How to Get Funded in the Recession: The Frugal Mechanic Story - gthuang
http://www.xconomy.com/seattle/2009/02/12/how-to-get-funded-in-the-recession-the-frugal-mechanic-story/

======
swombat
This is not "how to get funded in the recession", it's "how one company got
funded in the recession". Reasonably interesting article, but a bit of a
linkbaiting title, don't you think?

------
kennyroo
Having worked at eBay Motors in the past, I can tell you that what these guys
have accomplished is far from easy. The catalog work necessary to present
results in this format is far from easy.
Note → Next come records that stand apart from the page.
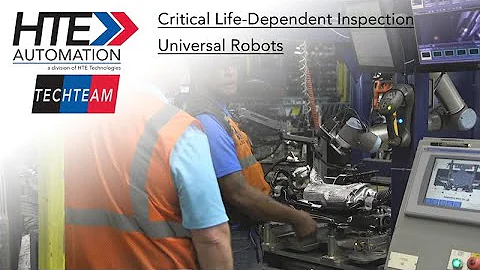 UR - Universal Robots Handles Mission Critical Inspection at Comprehensive Logistics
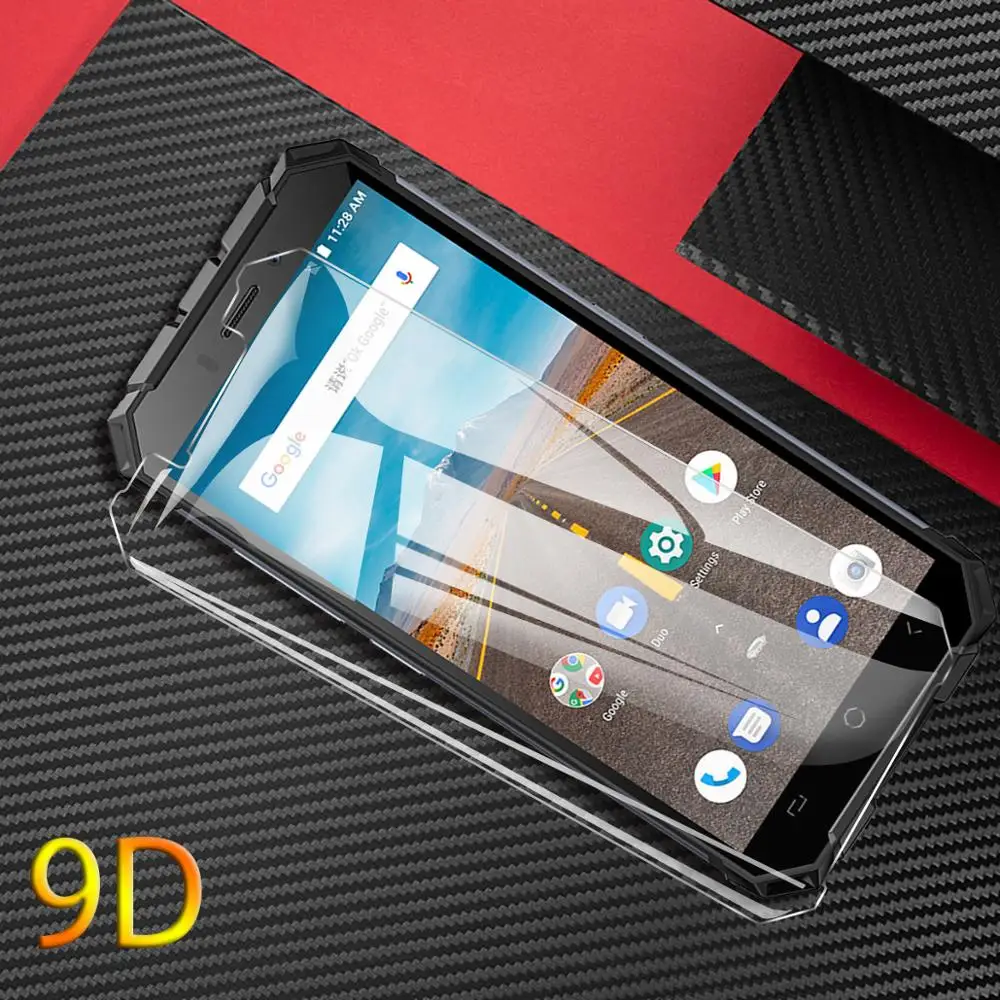 2 шт./лот закаленное стекло для Ulefone Armor X Защитное экрана|Защитные стёкла и плёнки|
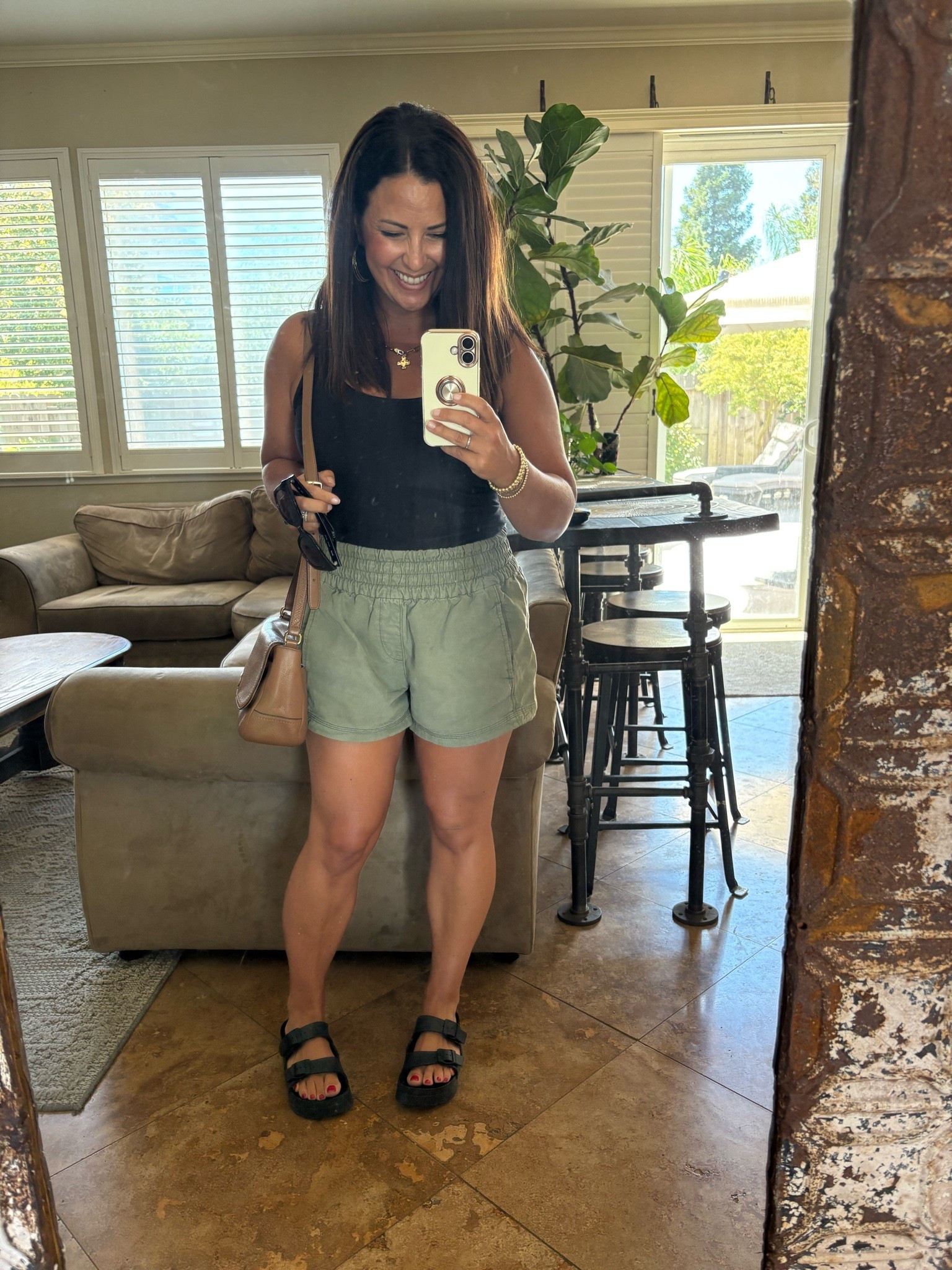 Squeezing in all the summer things while checking off the back-to-school to-do list. 📚☀️ This easy outfit has been on repeat because it’s comfortable, cute, and perfect for running errands.

#LTKmomlife #LTKOver40 #LTKPetite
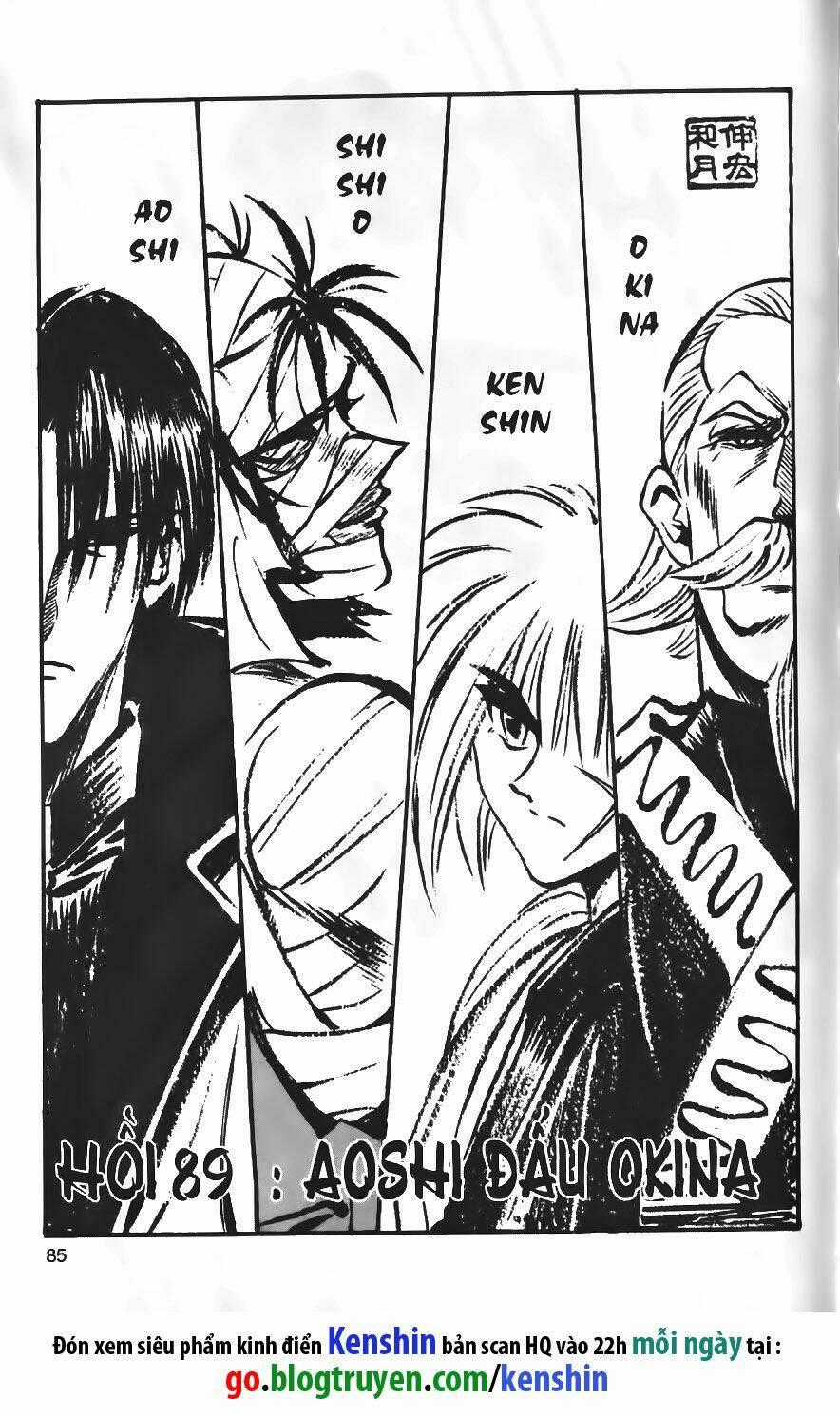 Lãng Khách Kenshin - Chapter 89 - Trang 2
Good work and great start. Congrats,
guys.

I think the long-term trick for a company like this one is driving organic
traffic. They'll need to create a good bit of quality content to start ranking
in Google search results. Without it, they'll be forced to buy traffic.

------
shimon
+1 for providing a damn useful service. It is ridiculously hard to find even
something as simple as a wiper blade or light bulb online, and a service that
provides an amazon-quality shopping experience, especially across multiple
sites, would be excellent. No reason everyone should be visiting the
dealership for totally basic stuff that can be ordered online for super-cheap.

------
vaksel
"They settled on auto parts not because they were car enthusiasts,"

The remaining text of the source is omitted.